This $60 million project will be the world’s largest passive house-certified building, with 10% more conditioned passive house floor area than the Lodenareal 354 flat project in Innsbruck, Austria. Utilizing lean design and construction, Arnold Development Group and dedicated, highly motivated design and IPD teams worked closely with Passiv Science to ensure the project would meet PHIUS+ 2015 Passive Building Criteria. Built to last 200 plus years, the concrete structure features urban farming on the roof, 20% affordable housing, a $4 per SF lower first cost, and a 19% total lower lifecycle cost than stick-built multi-family buildings. The Arnold Development Group, a certified B-corporation, intends to replicate the model in five cities in the U.S. and create 20,000 high-performance housing units by 2026.
Kevin Collison wrote for CitySceneKC in April 2019 that work is progressing well on the 276-unit Second and Delaware apartment development. Its energy-efficient concrete walls rapidly rise beneath a tower crane visible throughout the River Market area. The building will consume 90% less energy than standard buildings, making Second and Delaware one of the most efficient buildings on the planet. Expected completion by August 2020.
“This thing has leaped out of the ground,” said Cliff Cohn, a partner in the project.
Jonathan Arnold, the guiding partner, says the project overlooking the Missouri River has held true to its vision of being the world’s largest passive house building, using 90 percent less energy than similar buildings in Kansas City.
“This project has been the culmination of years of effort and thought,” said Arnold.

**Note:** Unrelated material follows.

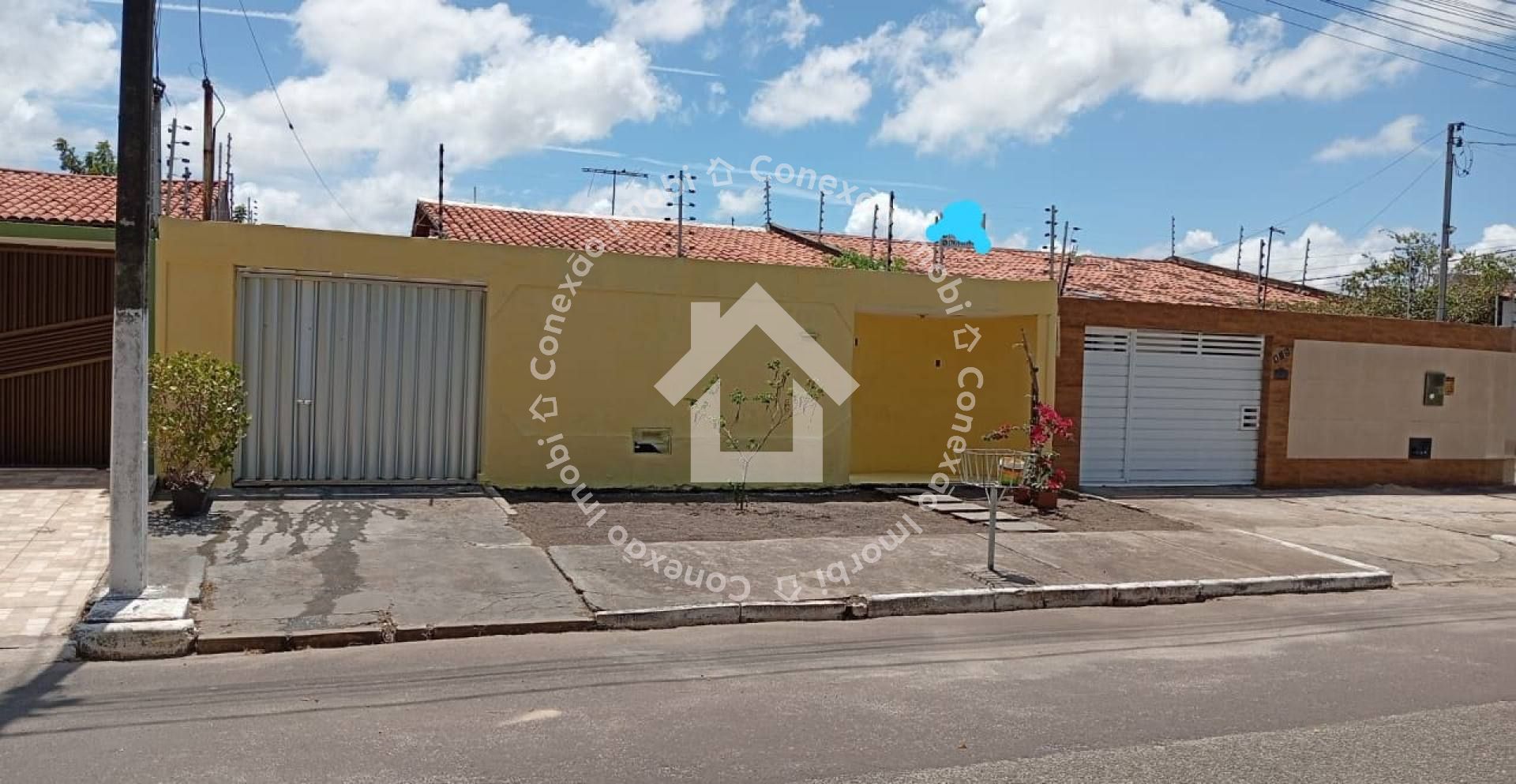Casa financiável à venda na Aruana com 2 Quartos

It helps that one of his chief financial backers is Affordable Housing Partners, a company that’s part of the Berkshire Hathaway portfolio controlled by Warren Buffett.
Arnold and his partners, father and son Cliff and Jonathan Cohn, believe the apartment market remains strong, particularly in the River Market neighborhood. National studies indicate there will be a demand for 45 million units in walkable, urban neighborhoods.
The building is expected to be attractive to empty-nesters and younger adults because of its energy efficiency and amenities, including a cooperative rooftop garden.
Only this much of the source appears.